Work to be completed - An image-free, word-for-word version of the records below is to be returned.

Material provided below:

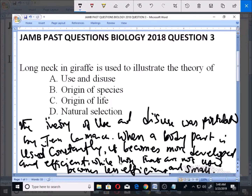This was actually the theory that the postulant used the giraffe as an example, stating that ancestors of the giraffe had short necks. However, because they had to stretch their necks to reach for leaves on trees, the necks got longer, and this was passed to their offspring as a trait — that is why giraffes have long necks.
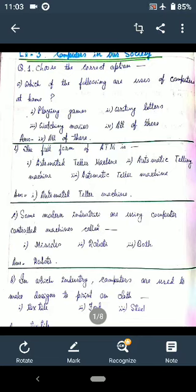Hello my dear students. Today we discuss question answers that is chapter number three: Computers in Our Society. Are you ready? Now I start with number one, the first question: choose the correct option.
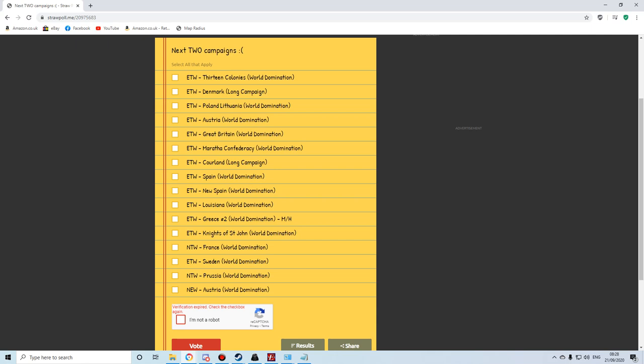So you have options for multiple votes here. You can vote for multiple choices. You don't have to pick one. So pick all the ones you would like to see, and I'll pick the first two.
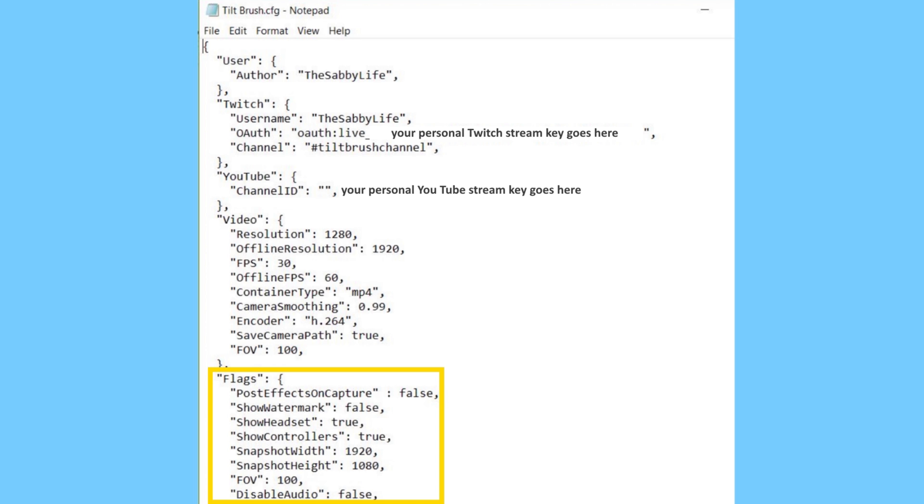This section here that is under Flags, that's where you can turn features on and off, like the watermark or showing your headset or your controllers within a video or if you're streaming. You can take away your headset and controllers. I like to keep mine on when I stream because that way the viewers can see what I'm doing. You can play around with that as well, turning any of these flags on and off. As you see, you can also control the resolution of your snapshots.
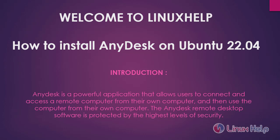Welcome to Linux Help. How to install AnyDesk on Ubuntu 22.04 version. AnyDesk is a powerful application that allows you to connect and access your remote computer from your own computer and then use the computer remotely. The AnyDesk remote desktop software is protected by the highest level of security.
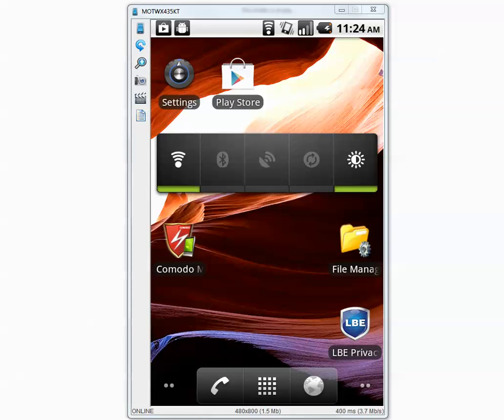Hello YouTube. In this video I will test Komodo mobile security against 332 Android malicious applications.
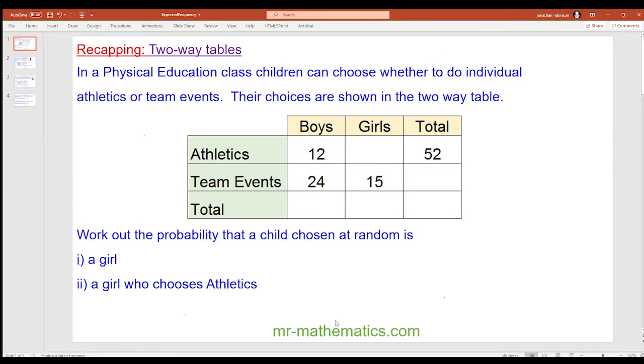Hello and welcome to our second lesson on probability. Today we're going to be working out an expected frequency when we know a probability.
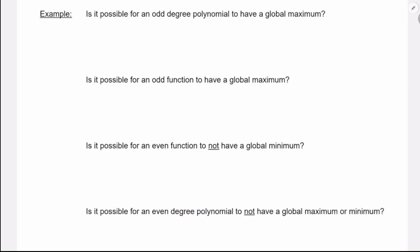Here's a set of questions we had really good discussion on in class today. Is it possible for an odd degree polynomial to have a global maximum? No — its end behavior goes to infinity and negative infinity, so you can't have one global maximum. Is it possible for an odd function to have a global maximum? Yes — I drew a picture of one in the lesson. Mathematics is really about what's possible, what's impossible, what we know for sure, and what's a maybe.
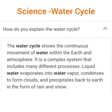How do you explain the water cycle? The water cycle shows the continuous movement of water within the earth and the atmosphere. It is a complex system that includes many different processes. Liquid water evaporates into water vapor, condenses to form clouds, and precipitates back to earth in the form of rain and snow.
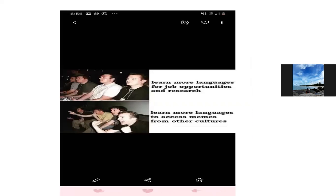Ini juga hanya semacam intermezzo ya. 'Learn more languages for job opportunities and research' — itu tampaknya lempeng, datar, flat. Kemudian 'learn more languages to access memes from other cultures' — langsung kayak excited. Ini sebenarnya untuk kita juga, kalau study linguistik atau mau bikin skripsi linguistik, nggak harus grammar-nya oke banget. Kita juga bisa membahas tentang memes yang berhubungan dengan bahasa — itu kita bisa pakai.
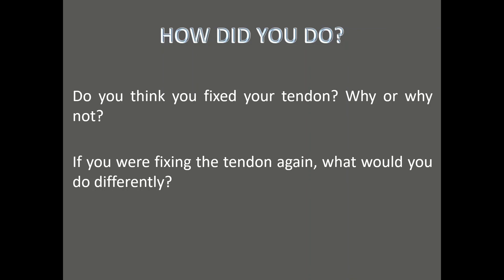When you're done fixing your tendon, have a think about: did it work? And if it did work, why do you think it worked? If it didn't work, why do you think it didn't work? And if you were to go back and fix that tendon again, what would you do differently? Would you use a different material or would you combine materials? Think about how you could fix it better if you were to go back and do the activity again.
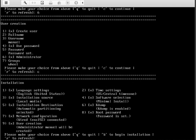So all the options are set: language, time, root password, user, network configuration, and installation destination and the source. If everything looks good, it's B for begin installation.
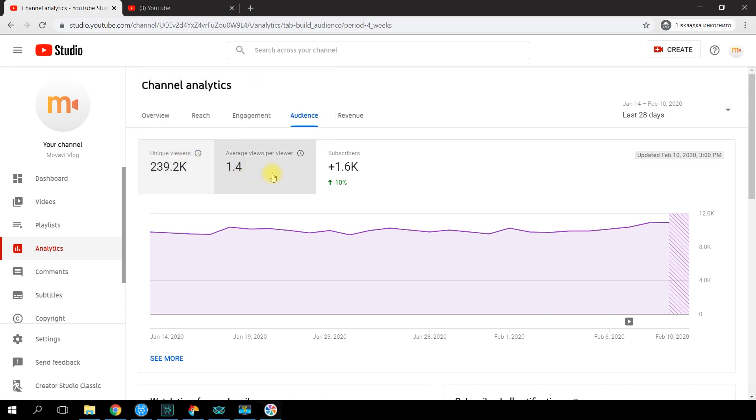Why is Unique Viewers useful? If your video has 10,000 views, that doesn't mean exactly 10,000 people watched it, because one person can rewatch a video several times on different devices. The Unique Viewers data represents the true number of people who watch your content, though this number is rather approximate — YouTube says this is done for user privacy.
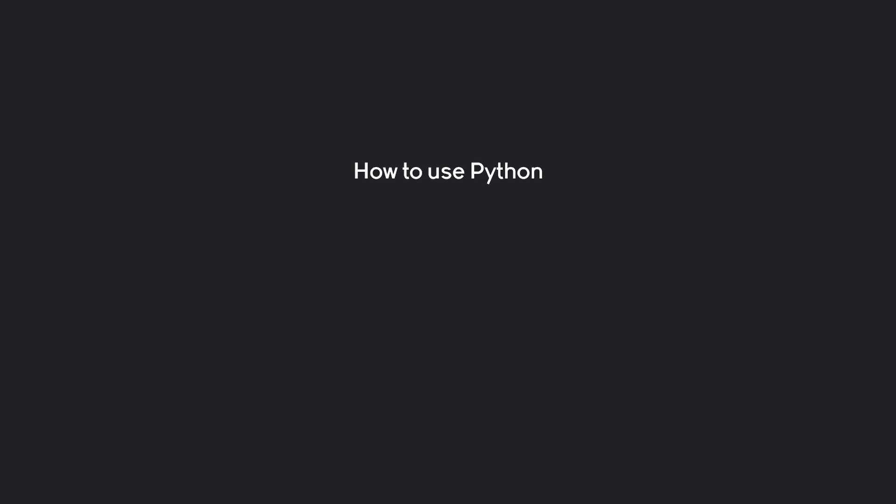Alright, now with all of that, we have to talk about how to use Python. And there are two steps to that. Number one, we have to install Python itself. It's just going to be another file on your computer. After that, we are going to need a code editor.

End of Material provided.

Solution for this problem -
This was actually the theory that the postulant used the giraffe as an example, stating that ancestors of the giraffe had short necks. However, because they had to stretch their necks to reach for leaves on trees, the necks got longer, and this was passed to their offspring as a trait — that is why giraffes have long necks.
Hello my dear students. Today we discuss question answers that is chapter number three: Computers in Our Society. Are you ready? Now I start with number one, the first question: choose the correct option.
So you have options for multiple votes here. You can vote for multiple choices. You don't have to pick one. So pick all the ones you would like to see, and I'll pick the first two.
This section here that is under Flags, that's where you can turn features on and off, like the watermark or showing your headset or your controllers within a video or if you're streaming. You can take away your headset and controllers. I like to keep mine on when I stream because that way the viewers can see what I'm doing. You can play around with that as well, turning any of these flags on and off. As you see, you can also control the resolution of your snapshots.
Welcome to Linux Help. How to install AnyDesk on Ubuntu 22.04 version. AnyDesk is a powerful application that allows you to connect and access your remote computer from your own computer and then use the computer remotely. The AnyDesk remote desktop software is protected by the highest level of security.
Hello YouTube. In this video I will test Komodo mobile security against 332 Android malicious applications.
Hello and welcome to our second lesson on probability. Today we're going to be working out an expected frequency when we know a probability.
Here's a set of questions we had really good discussion on in class today. Is it possible for an odd degree polynomial to have a global maximum? No — its end behavior goes to infinity and negative infinity, so you can't have one global maximum. Is it possible for an odd function to have a global maximum? Yes — I drew a picture of one in the lesson. Mathematics is really about what's possible, what's impossible, what we know for sure, and what's a maybe.
How do you explain the water cycle? The water cycle shows the continuous movement of water within the earth and the atmosphere. It is a complex system that includes many different processes. Liquid water evaporates into water vapor, condenses to form clouds, and precipitates back to earth in the form of rain and snow.
Ini juga hanya semacam intermezzo ya. 'Learn more languages for job opportunities and research' — itu tampaknya lempeng, datar, flat. Kemudian 'learn more languages to access memes from other cultures' — langsung kayak excited. Ini sebenarnya untuk kita juga, kalau study linguistik atau mau bikin skripsi linguistik, nggak harus grammar-nya oke banget. Kita juga bisa membahas tentang memes yang berhubungan dengan bahasa — itu kita bisa pakai.
When you're done fixing your tendon, have a think about: did it work? And if it did work, why do you think it worked? If it didn't work, why do you think it didn't work? And if you were to go back and fix that tendon again, what would you do differently? Would you use a different material or would you combine materials? Think about how you could fix it better if you were to go back and do the activity again.
So all the options are set: language, time, root password, user, network configuration, and installation destination and the source. If everything looks good, it's B for begin installation.
Why is Unique Viewers useful? If your video has 10,000 views, that doesn't mean exactly 10,000 people watched it, because one person can rewatch a video several times on different devices. The Unique Viewers data represents the true number of people who watch your content, though this number is rather approximate — YouTube says this is done for user privacy.
Alright, now with all of that, we have to talk about how to use Python. And there are two steps to that. Number one, we have to install Python itself. It's just going to be another file on your computer. After that, we are going to need a code editor.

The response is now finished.